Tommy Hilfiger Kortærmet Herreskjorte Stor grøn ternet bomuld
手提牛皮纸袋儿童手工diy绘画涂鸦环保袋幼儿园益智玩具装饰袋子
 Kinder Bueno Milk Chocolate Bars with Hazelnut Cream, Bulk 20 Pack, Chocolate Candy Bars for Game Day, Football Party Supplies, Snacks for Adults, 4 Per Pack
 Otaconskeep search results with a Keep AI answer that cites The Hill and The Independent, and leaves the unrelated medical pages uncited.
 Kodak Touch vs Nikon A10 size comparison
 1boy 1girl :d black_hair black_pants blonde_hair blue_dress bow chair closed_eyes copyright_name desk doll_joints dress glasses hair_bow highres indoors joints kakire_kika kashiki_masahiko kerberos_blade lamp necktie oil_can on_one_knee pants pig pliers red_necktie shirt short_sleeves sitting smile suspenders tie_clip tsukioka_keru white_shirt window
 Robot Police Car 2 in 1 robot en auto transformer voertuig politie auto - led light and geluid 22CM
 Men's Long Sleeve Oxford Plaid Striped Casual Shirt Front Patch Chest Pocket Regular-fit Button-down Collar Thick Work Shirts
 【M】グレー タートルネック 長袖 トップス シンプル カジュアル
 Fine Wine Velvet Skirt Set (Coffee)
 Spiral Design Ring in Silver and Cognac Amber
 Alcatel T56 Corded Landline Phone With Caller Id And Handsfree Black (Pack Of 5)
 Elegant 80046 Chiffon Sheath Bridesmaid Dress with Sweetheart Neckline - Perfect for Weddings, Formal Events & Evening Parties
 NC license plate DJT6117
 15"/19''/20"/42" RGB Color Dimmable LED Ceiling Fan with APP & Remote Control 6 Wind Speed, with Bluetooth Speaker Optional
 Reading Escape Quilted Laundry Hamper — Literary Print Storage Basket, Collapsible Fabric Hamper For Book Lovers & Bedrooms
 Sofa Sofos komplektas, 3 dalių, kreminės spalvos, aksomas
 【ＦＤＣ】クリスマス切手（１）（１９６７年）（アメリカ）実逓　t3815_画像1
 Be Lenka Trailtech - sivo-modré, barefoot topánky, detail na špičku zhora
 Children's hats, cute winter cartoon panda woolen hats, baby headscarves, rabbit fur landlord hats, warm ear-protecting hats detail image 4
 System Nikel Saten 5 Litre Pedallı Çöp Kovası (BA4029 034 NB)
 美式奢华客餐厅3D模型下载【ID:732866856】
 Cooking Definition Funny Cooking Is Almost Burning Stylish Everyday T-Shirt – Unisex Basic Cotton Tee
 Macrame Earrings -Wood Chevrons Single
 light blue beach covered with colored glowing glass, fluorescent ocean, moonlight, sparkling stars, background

--

**What the task requires:** Return exactly what appears above, from the first line of the entries to the line with "Kodak Touch vs Nikon A10 size comparison", inclusive.

**Answer box:**
Tommy Hilfiger Kortærmet Herreskjorte Stor grøn ternet bomuld
手提牛皮纸袋儿童手工diy绘画涂鸦环保袋幼儿园益智玩具装饰袋子
 Kinder Bueno Milk Chocolate Bars with Hazelnut Cream, Bulk 20 Pack, Chocolate Candy Bars for Game Day, Football Party Supplies, Snacks for Adults, 4 Per Pack
 Otaconskeep search results with a Keep AI answer that cites The Hill and The Independent, and leaves the unrelated medical pages uncited.
 Kodak Touch vs Nikon A10 size comparison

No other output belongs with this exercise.